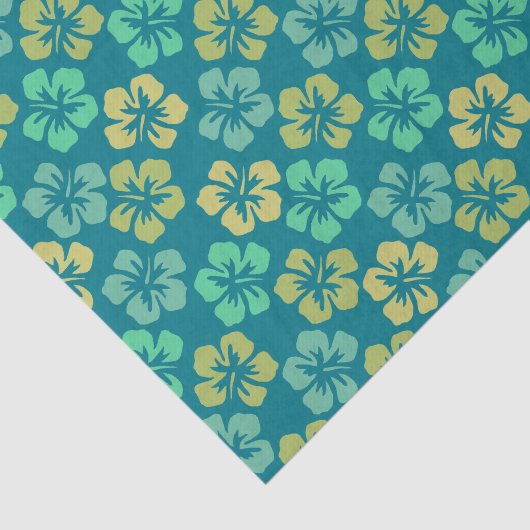 Papier Mousseline Tropical Hibiscus Flower Pattern Custom Text (Détail)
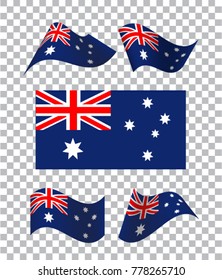 Set of wavy flags of Australia. Icon on  transparent background. Vector illustration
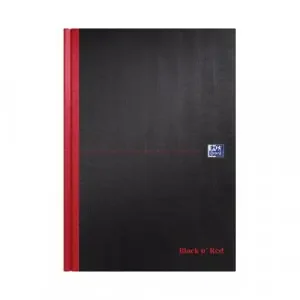 Black n‘ Red Casebound Plain Hardback Notebook A4 (Pack of 5) 100080489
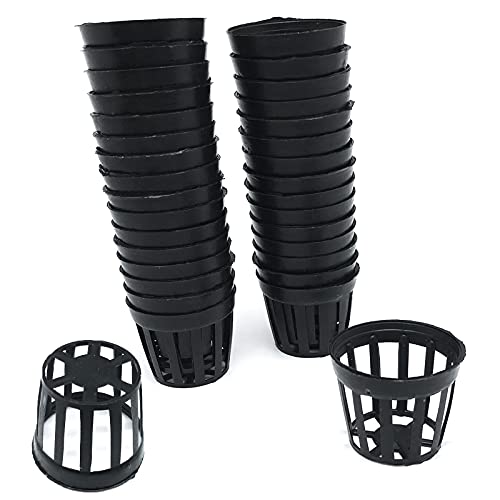 50 cestas de plástico para plantas acuáticas, macetas de malla ranuradas, cesta redonda para plantas hidropónicas (negro, tamaño pequeño)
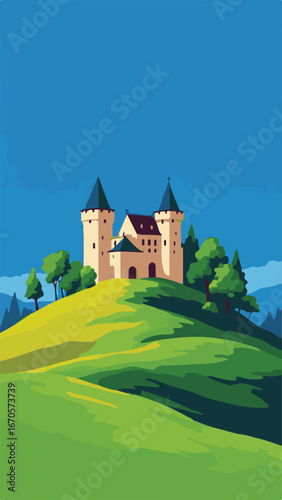 Medieval castle on green hilltop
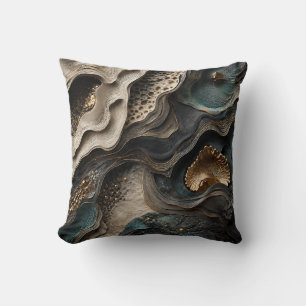 Cojín Decorativo Tono de Tierra Abstracto y Malhumorado con Piedra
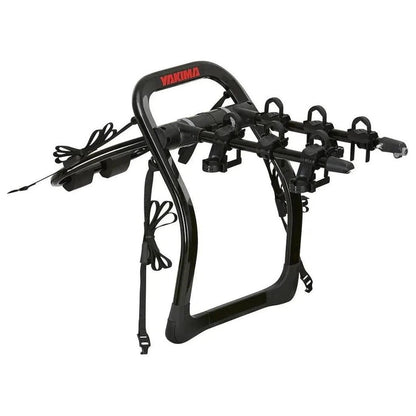 A black Yakima FullBack bike rack with multiple hooks and straps, photographed from a front angle against a white background.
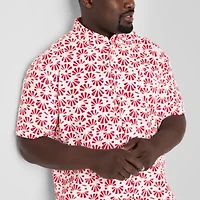 St. John's Bay Printed Chambray Mens Short Sleeve Classic Fit Big and Tall Button-Down Shirt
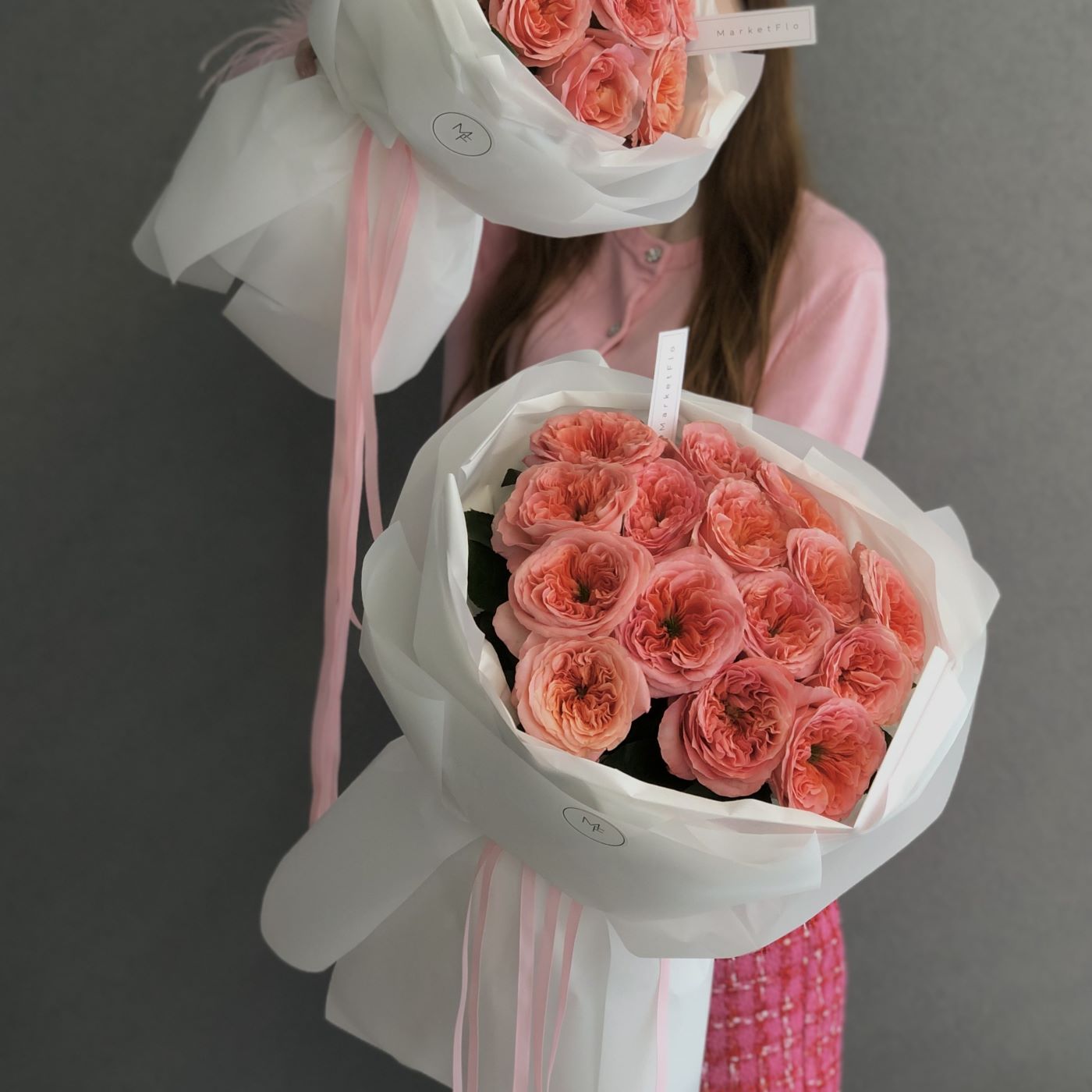 БУКЕТ ИЗ ПИОНОВИДНЫХ РОЗ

### [REQUIRED ACTION]
Write down exactly the lines running from the line with "Medieval castle on green hilltop" through the end of the material, both ends included, and none of the pictures.

### [ANSWER FOR THE TASK]
 Medieval castle on green hilltop
 Cojín Decorativo Tono de Tierra Abstracto y Malhumorado con Piedra
 A black Yakima FullBack bike rack with multiple hooks and straps, photographed from a front angle against a white background.
 St. John's Bay Printed Chambray Mens Short Sleeve Classic Fit Big and Tall Button-Down Shirt
 БУКЕТ ИЗ ПИОНОВИДНЫХ РОЗ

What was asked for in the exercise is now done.